VLA-R: Vision-Language Action Retrieval toward Open-World End-to-End Autonomous Driving
This work addresses the challenge of open-world generalization for autonomous driving systems, which is crucial for real-world deployment but often incremental in approach.
The authors tackled the problem of end-to-end autonomous driving in unstructured outdoor environments by introducing VLA-R, a framework that integrates open-world perception with vision-action retrieval, demonstrating strong generalization and exploratory performance in unseen environments with limited data.
Exploring open-world situations in an end-to-end manner is a promising yet challenging task due to the need for strong generalization capabilities. In particular, end-to-end autonomous driving in unstructured outdoor environments often encounters conditions that were unfamiliar during training. In this work, we present Vision-Language Action Retrieval (VLA-R), an open-world end-to-end autonomous driving (OW-E2EAD) framework that integrates open-world perception with a novel vision-action retrieval paradigm. We leverage a frozen vision-language model for open-world detection and segmentation to obtain multi-scale, prompt-guided, and interpretable perception features without domain-specific tuning. A Q-Former bottleneck aggregates fine-grained visual representations with language-aligned visual features, bridging perception and action domains.

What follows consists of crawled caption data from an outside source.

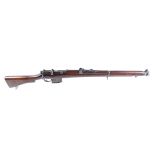 (S1) 7.62 x 51mm RFI (Ishapore) 2A1 bolt action rifle dated 1968, 25 ins fullstocked barrel, full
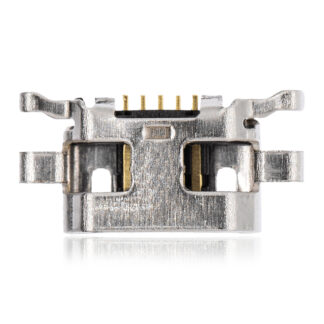 Ladebuchse Löten erforderlich - 05 Pin - Micro B - 4 Anchor Points (C064)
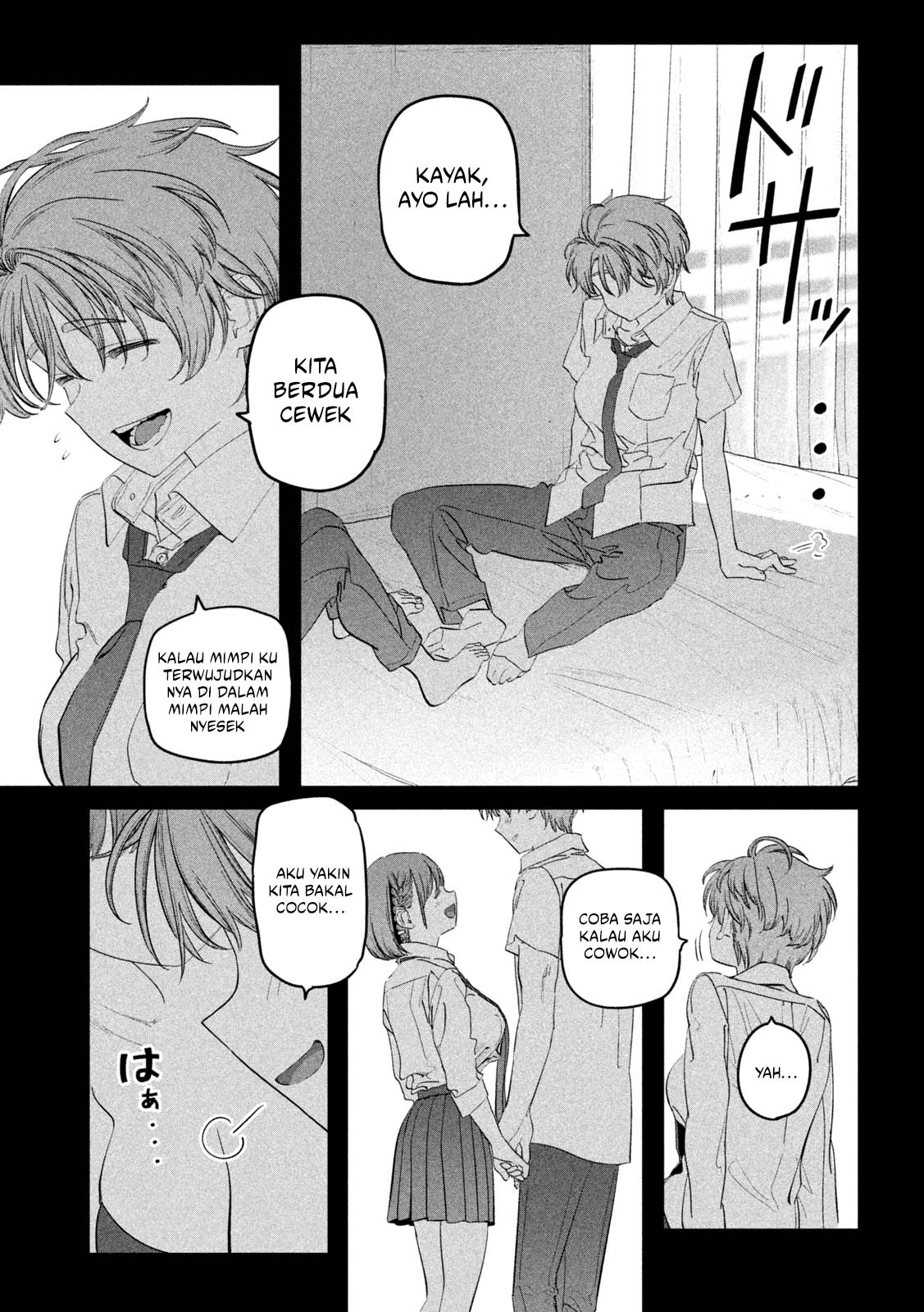 Getsuyoubi no Tawawa (Serialization) Chapter 95 - halaman 9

To learn transferable driving behaviors, we introduce a vision-action contrastive learning scheme that aligns vision-language and action embeddings for effective open-world reasoning and action retrieval. Our experiments on a real-world robotic platform demonstrate strong generalization and exploratory performance in unstructured, unseen environments, even with limited data. Demo videos are provided in the supplementary material.